ABOUT THIS TASK: Return exactly the lines from the one containing "CHRISTOPHER M. DUENAS" through the end of the material below, and leave the images out.
Top of PROVIDED DATA
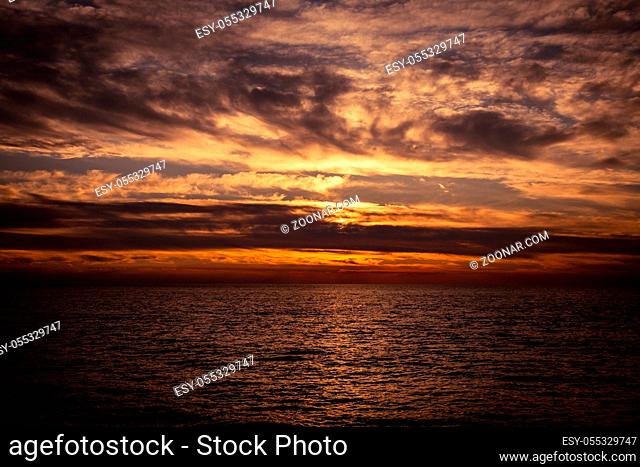 Dramatic sky with clouds at sunset over Adriatic sea near Peschici town on Gargano peninsula, Italy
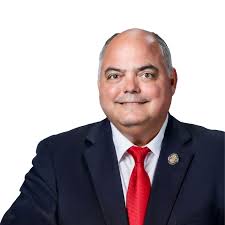 CHRISTOPHER M. DUENAS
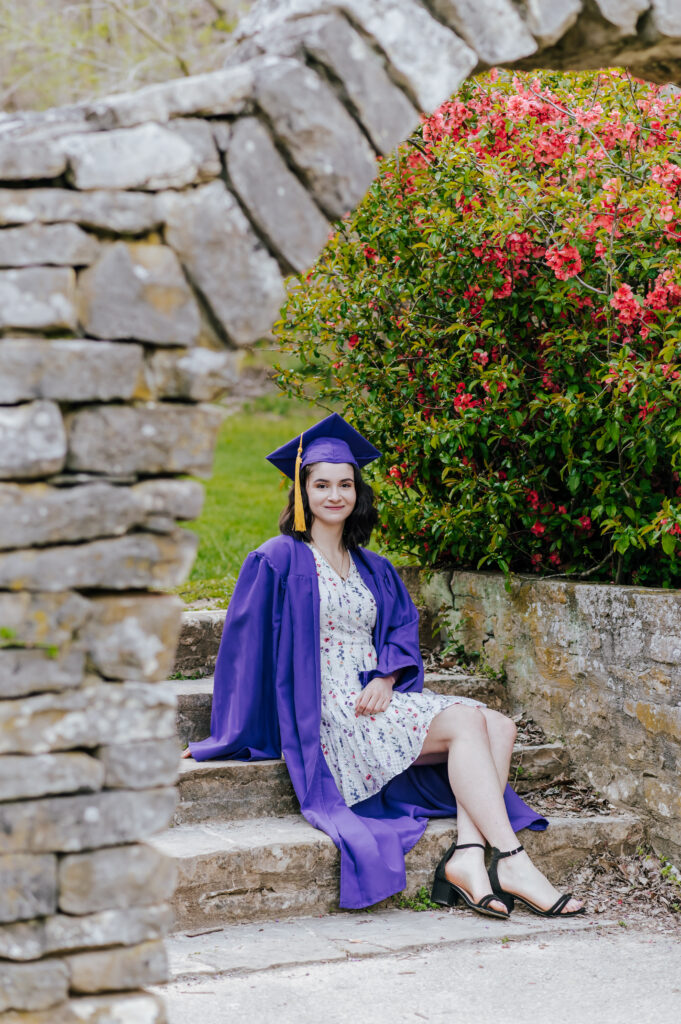 A graduate sits on a staircase under a stone arch wearing her purple cap and gown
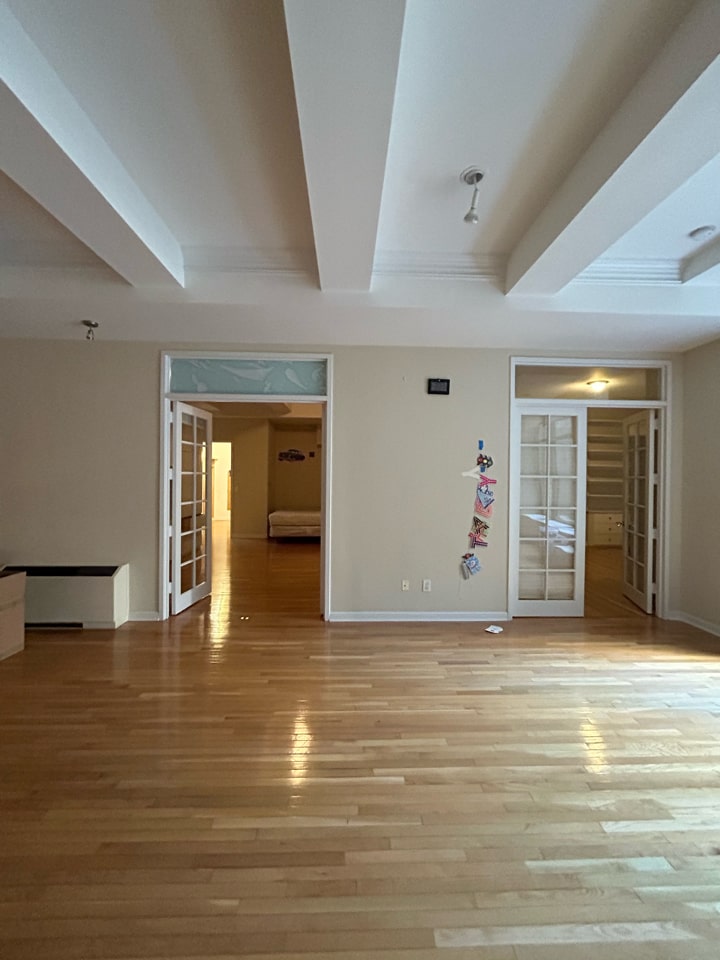 Interior before a pre-war condo renovation at The Chelsea Mercantile at 252 Seventh Avenue in Chelsea, Manhattan, by Gallery KBNY (view 1)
Bottom of PROVIDED DATA
RESULT:
 CHRISTOPHER M. DUENAS
 A graduate sits on a staircase under a stone arch wearing her purple cap and gown
 Interior before a pre-war condo renovation at The Chelsea Mercantile at 252 Seventh Avenue in Chelsea, Manhattan, by Gallery KBNY (view 1)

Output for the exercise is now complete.